PagerDuty

On call scheduling and incident handling is all through PagerDuty. PagerDuty gets alerts from several sources including Pingdom, Zendesk, and Grafana.

You've received a page from Pingdom, what next?

A ticket from Pingdom means a service has gone down and it's your job to investigate. Mark the issue as Acknowledged in PagerDuty and start going through the debug checklist for that service. A good place to start looking for information is Dev Ops

If an onsite facility is offline, call the contacts for the client on the Master Client List. Inform them we are seeing an outage on their end. Ask if their power is on. Ask how we can help.

You've received a page from Zendesk, what next?

A ticket from Zendesk is a customer support ticket and should be handled through the ZenDesk interface as soon as possible. After initial customer response is given, you can mark the incident as Resolved in PagerDuty, and use ZenDesk to track it's progress to completion.

You may need to reference the Master Clients List page to get more info about them so you can service them faster.

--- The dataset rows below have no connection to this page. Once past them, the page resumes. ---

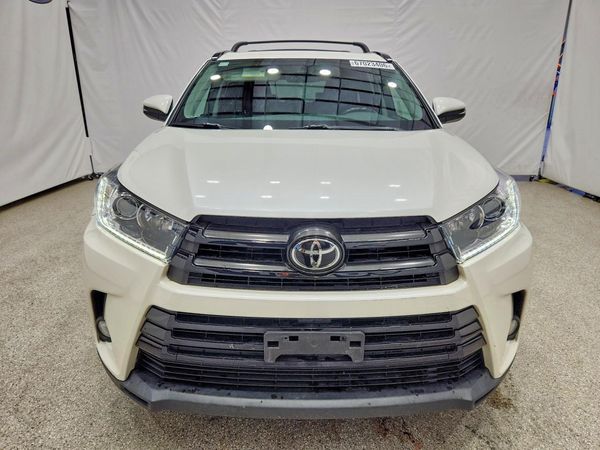2017 TOYOTA HIGHLANDER SE/XLE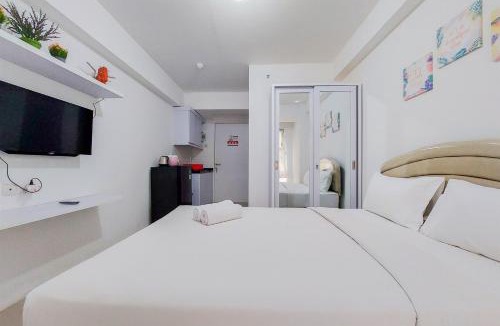 South Tangerang Apartment | Fancy and Nice Studio at Urbantown Serpong Apartment By Travelio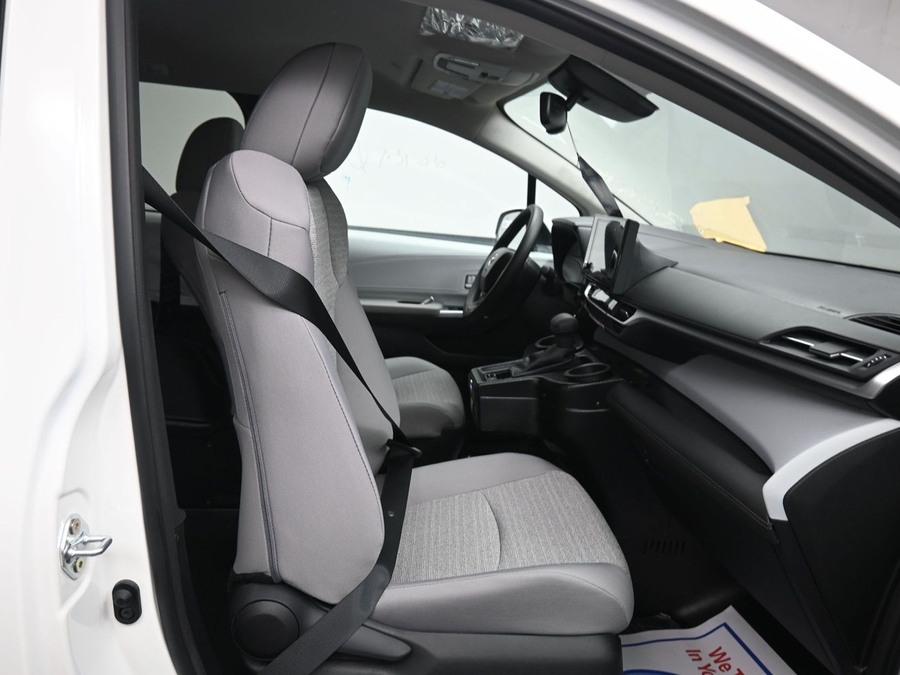 New 2026 Toyota Sienna LE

  1. Apologize that they are having troubles and assure them you're going to look into the issue immediately, but make no statements about specific timeframes. If they ask for one, say you're not sure, you need to investigate the problem more first.

Helping Debug

If a user is having a rendering issue that you don't see, you can impersonate them to try and debug further.

Go to Settings->Users, then click 'Impersonate' next to the user having problems. You can now see everything they would see, so you can go to the page causing them trouble to see if you see the same problem.

Make sure you're matching their browser as closely as possible, and if you are going to make a new issue for this bug, this is a good time to take screenshots.

Hardware Issues

  1. Have they power cycled the affected device? (Turn it off and back on again.)
  2. Have them unplug and re-seat all wires on the affected device.
  3. Are any wires damaged, frayed?

Software Issues

  1. What is the issue, is it a known issue (already in GitLab?)
  2. If it's a memory or HDD issue, try and clear some space by killing processes or removing old logfiles / large files. Try not to remove recent logfiles as they may not have been backed up to S3 yet.